→ INSTRUCTIONS FOR THE TASK: Beginning with the line that holds "St. Regis Bora Bora Resort" and ending with the last line of the entries, please output each line exactly, apart from any pictures.

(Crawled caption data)
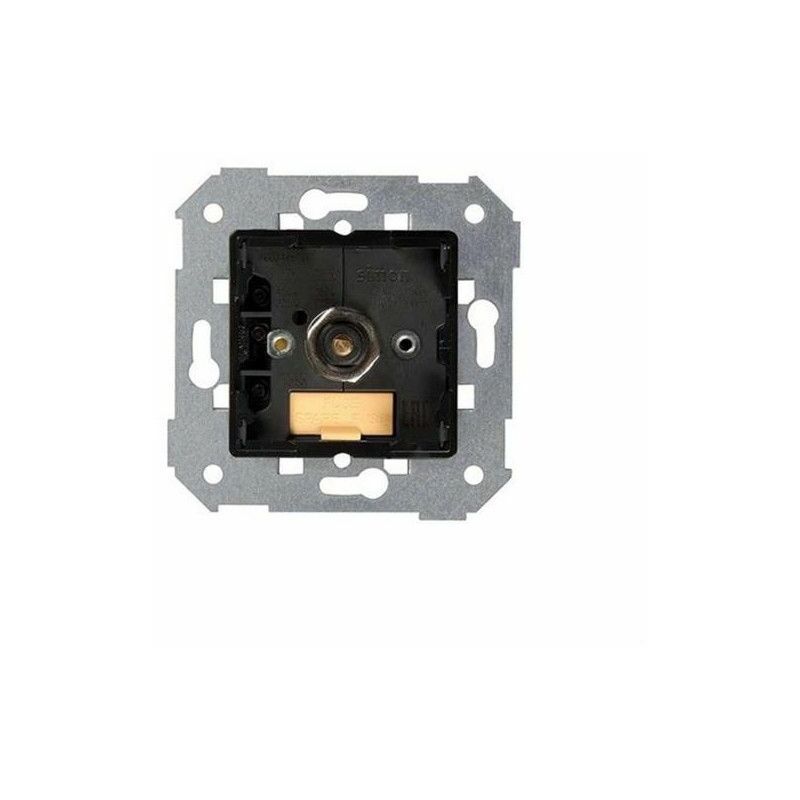 

Regulador-conmutador electrónico de luz giratorio de 450W 7501313-39 - Simon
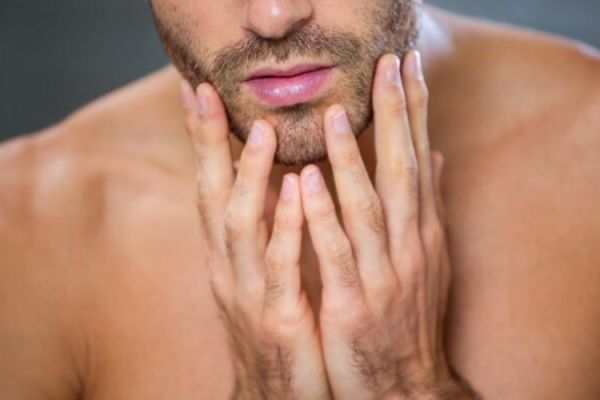 Épilation laser – Contour de barbe (séance)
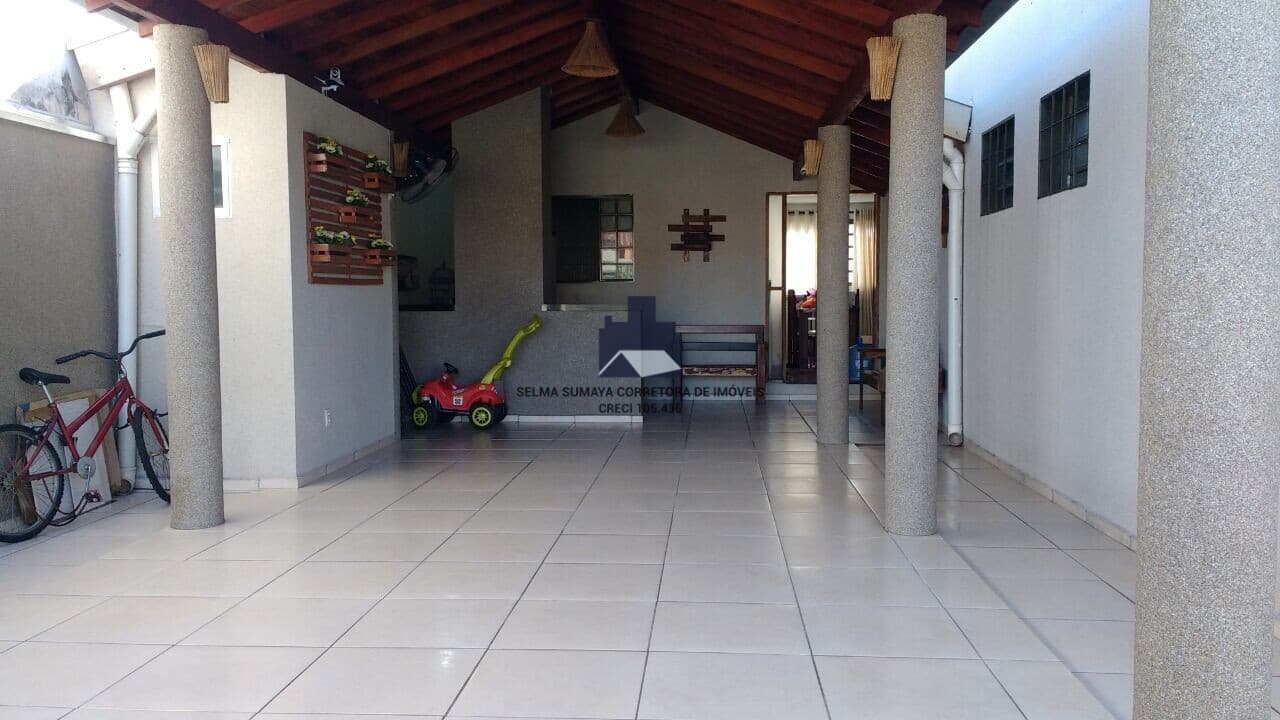 Casa em São José do Rio Preto - Residencial Jardim Norte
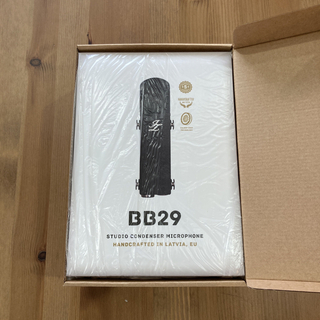 JZ Microphone BB-29　新品未使用(マイク)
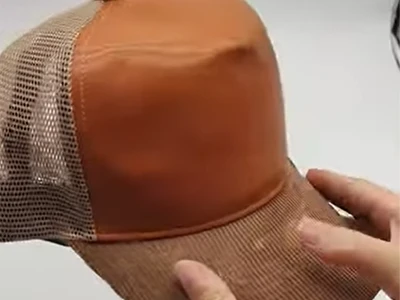 Selection Of Hat Fabric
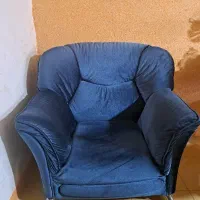 مبل تک نفره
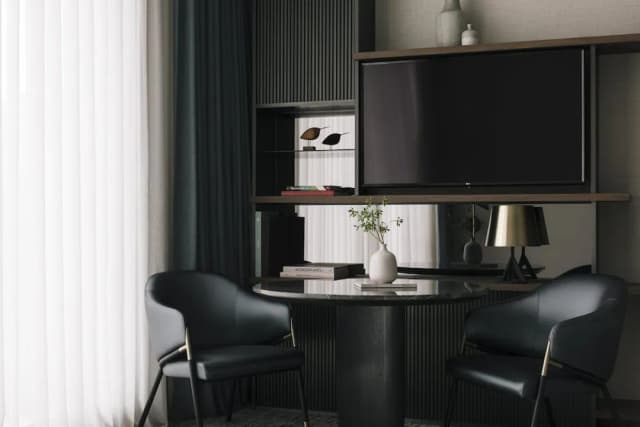 曼谷金普頓玫蘭飯店 - IHG 旗下飯店-尊榮客房, 1 張特大雙人床-3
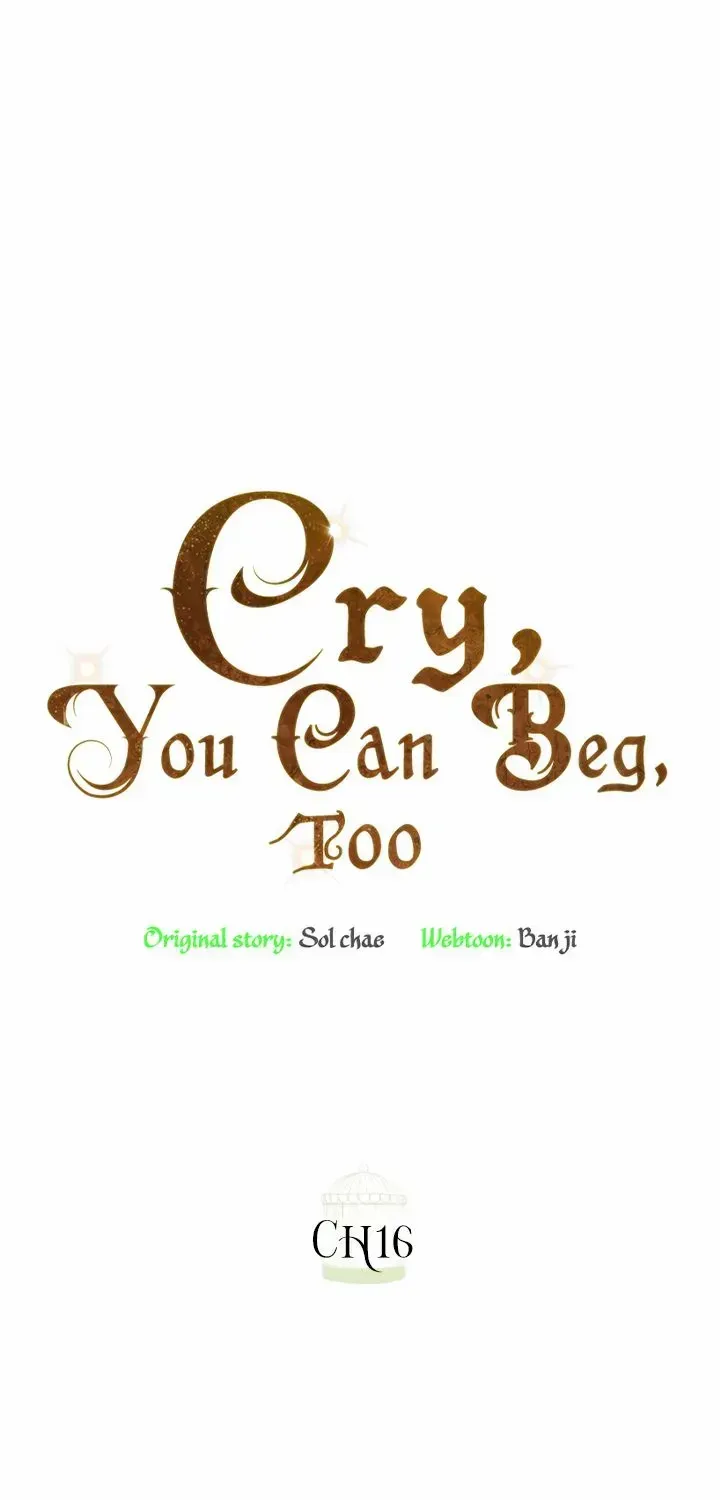 Cry, Even Better If You Beg Zinmanga X Chapter 16 Page 6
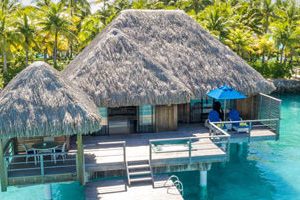 St. Regis Bora Bora Resort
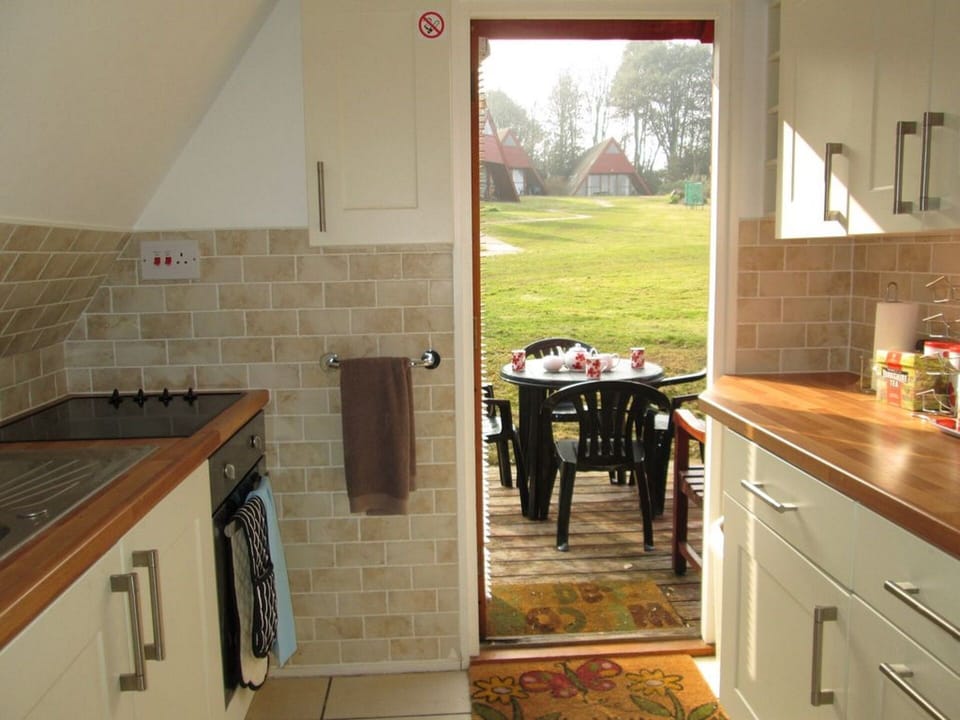 Kitchen area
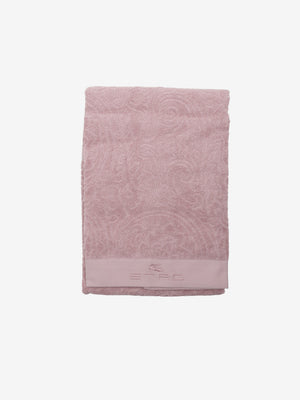 Etro Elodea Towel Set 2 Pieces Blue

→ OUTPUT BELOW:
 St. Regis Bora Bora Resort
 Kitchen area
 Etro Elodea Towel Set 2 Pieces Blue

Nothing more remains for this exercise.